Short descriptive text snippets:
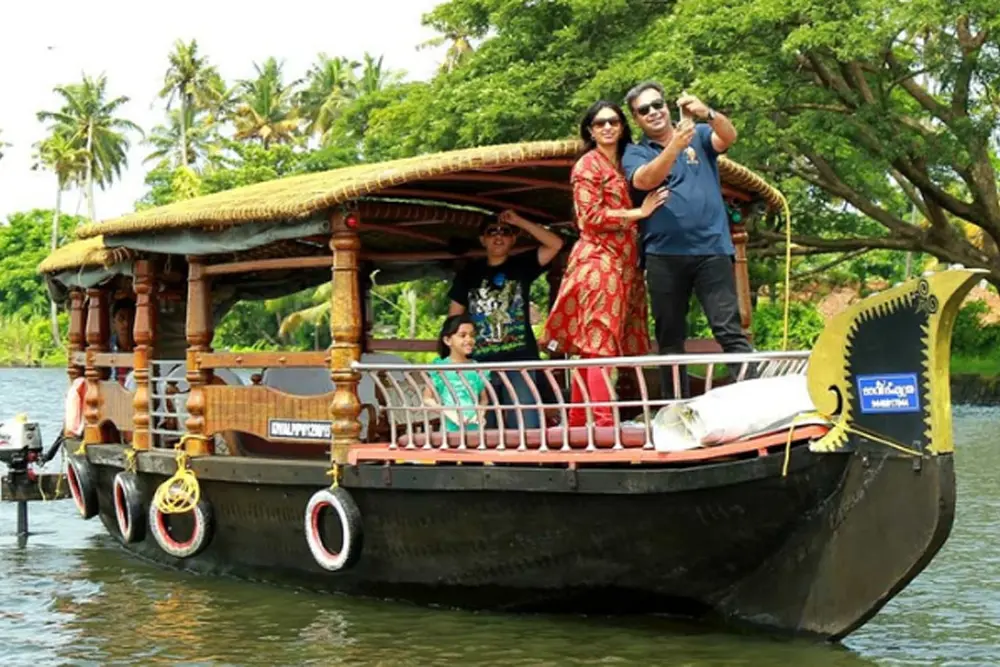 Beautiful Kerala Couple Tour Packages From Delhi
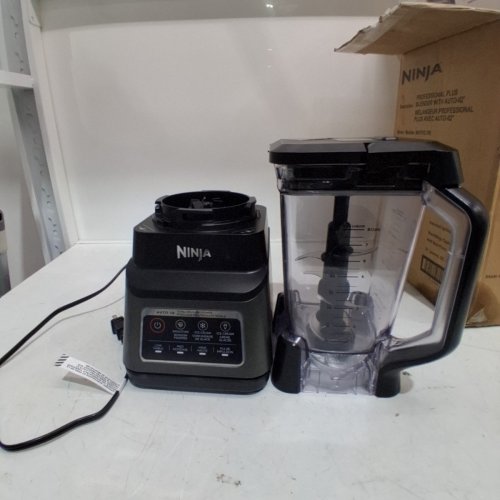 NINJA PROFESSIONAL PLUS BLENDER WITH AUTO-IQ WITH 72-OZ PITCHER, 6-BLADE ASSEMBLY, 3 PRESET AUTO-IQ PROGRAMS + 4 MANUAL SPEEDS, PULSE CONTROL AND BPA-FREE DISHWASHER-SAFE PITCHER & LID - 1400W (MODEL: BN701C) image 3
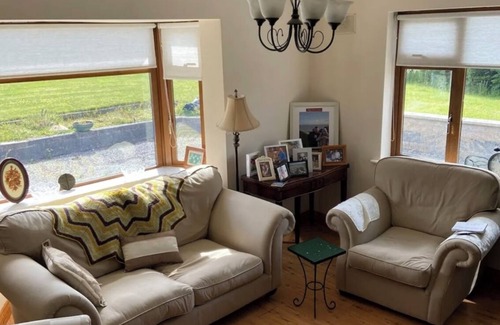 Kilgreaney House | Beautiful bungalow with WiFi in charming Myshall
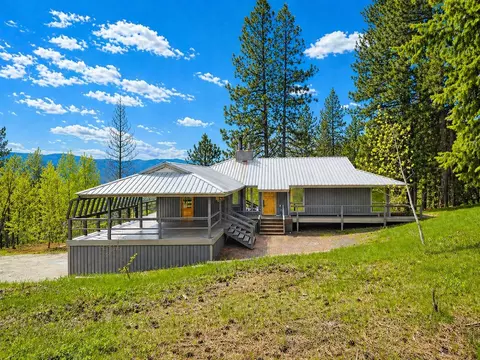 2383 Burnt Valley Rd # -A, Chewelah, WA 99109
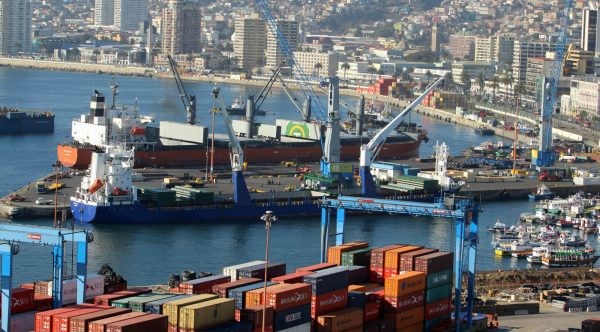Exportadores frutícolas esperan baja de tarifas navieras acorde a contexto internacional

Work instruction ▸
Extract exactly the lines above from the line containing "Kilgreaney House |" through the last one, both ends included, but not the pictures.

Answer for the task ▸
 Kilgreaney House | Beautiful bungalow with WiFi in charming Myshall
 2383 Burnt Valley Rd # -A, Chewelah, WA 99109
Exportadores frutícolas esperan baja de tarifas navieras acorde a contexto internacional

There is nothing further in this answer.